* EXERCISE OBJECTIVE: Please output exactly the lines from the one containing "Homeware Fendi Black Cotton Pants" through the end of the records below, leaving out any pictures.

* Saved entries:
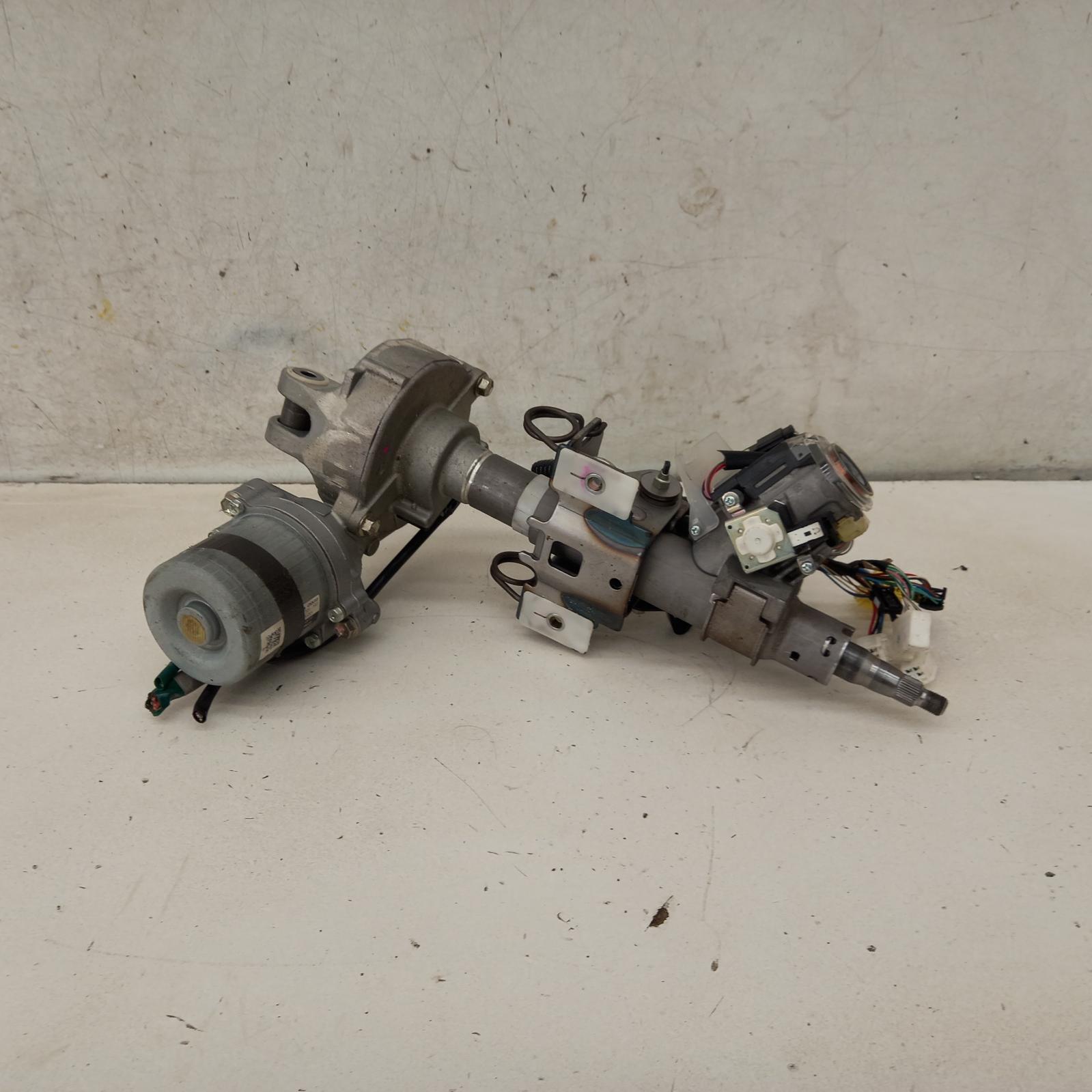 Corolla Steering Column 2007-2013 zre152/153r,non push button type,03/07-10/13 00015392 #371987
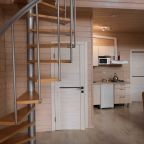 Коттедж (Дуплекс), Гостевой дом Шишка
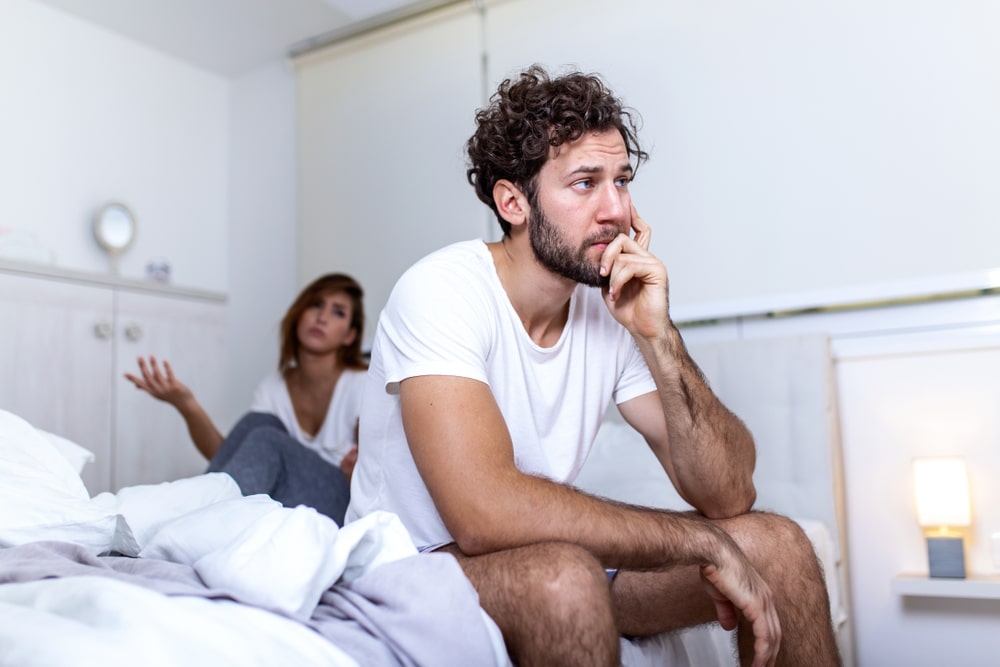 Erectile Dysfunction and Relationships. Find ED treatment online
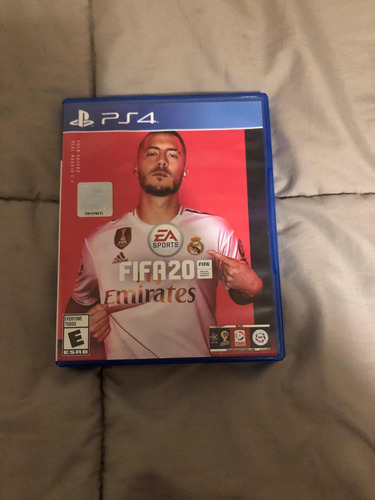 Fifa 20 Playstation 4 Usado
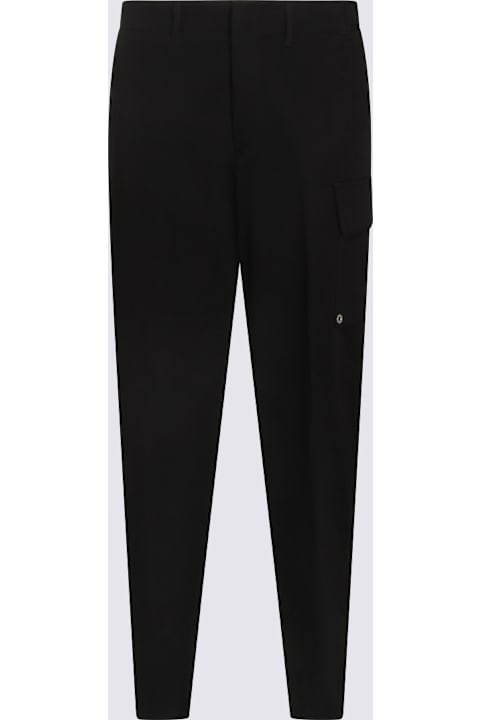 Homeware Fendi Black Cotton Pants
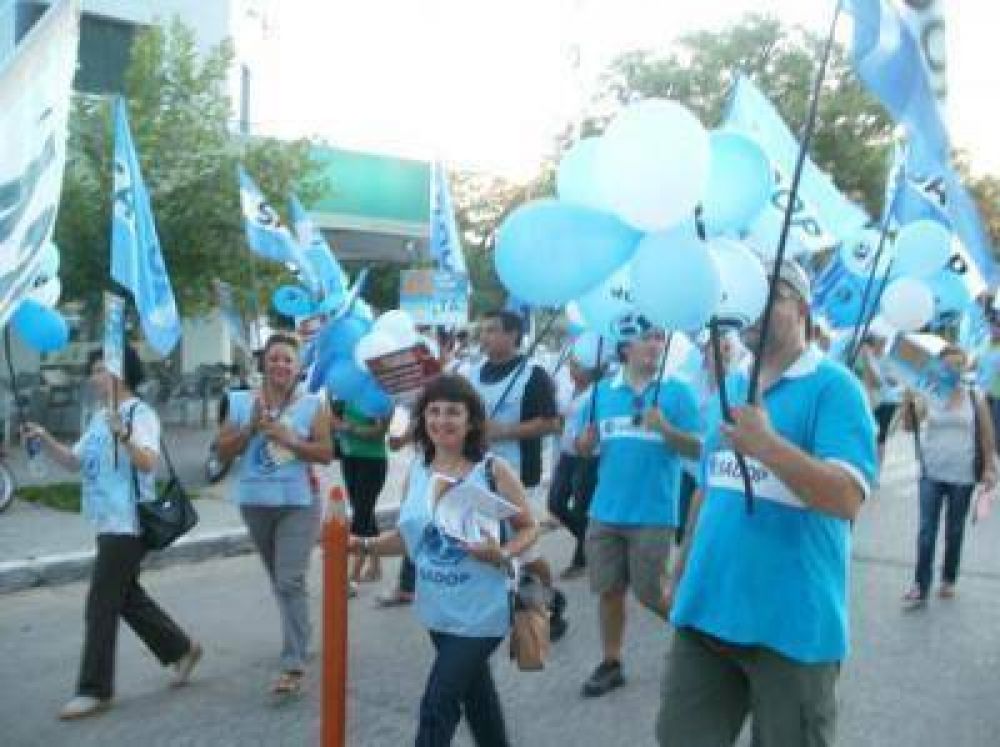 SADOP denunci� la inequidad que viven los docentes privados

* RESPONSE AREA:
 Homeware Fendi Black Cotton Pants
 SADOP denunci� la inequidad que viven los docentes privados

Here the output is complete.